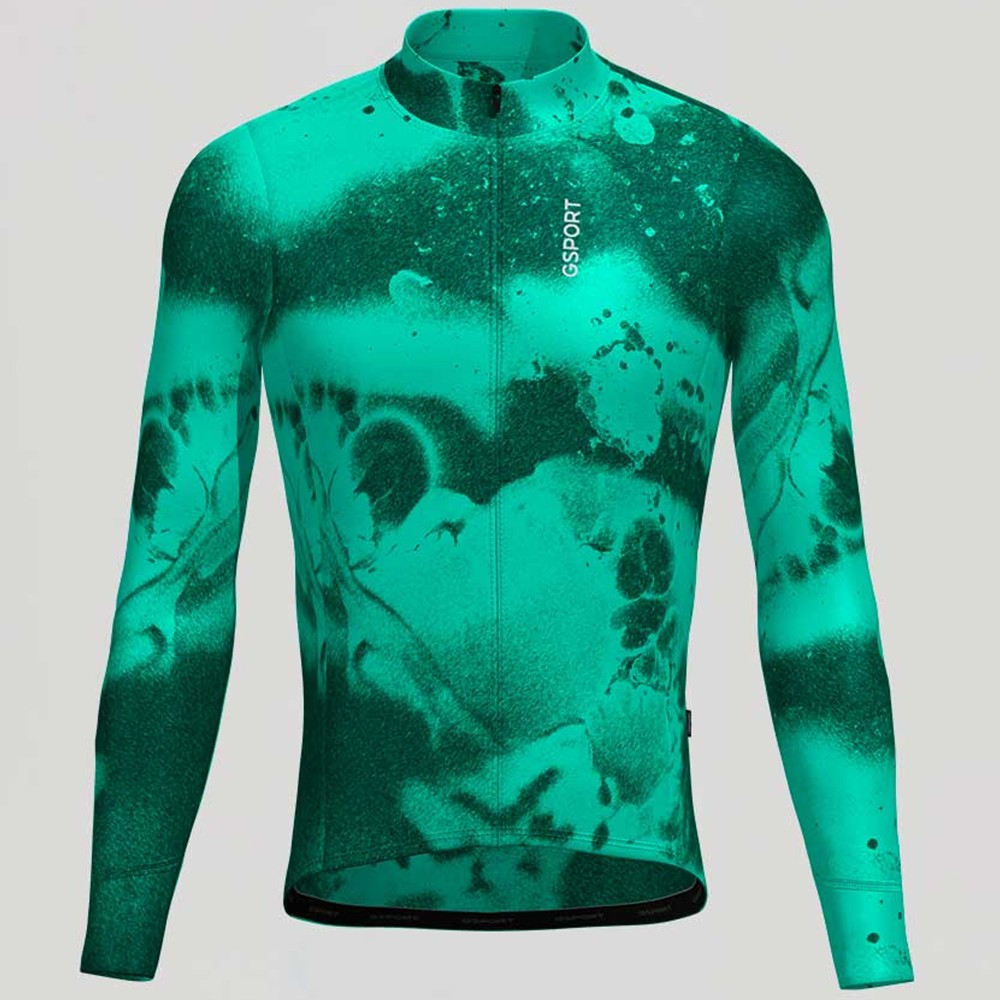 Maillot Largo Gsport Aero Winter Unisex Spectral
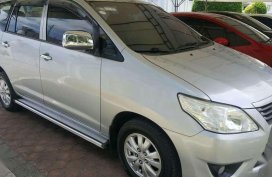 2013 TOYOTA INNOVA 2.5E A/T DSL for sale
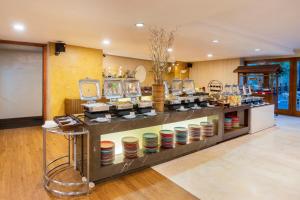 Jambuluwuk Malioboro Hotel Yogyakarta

------

■ Exercise details
Reproduce the data above without a single change, please, but without its pictures.

■ Answer
 Maillot Largo Gsport Aero Winter Unisex Spectral
 2013 TOYOTA INNOVA 2.5E A/T DSL for sale
 Jambuluwuk Malioboro Hotel Yogyakarta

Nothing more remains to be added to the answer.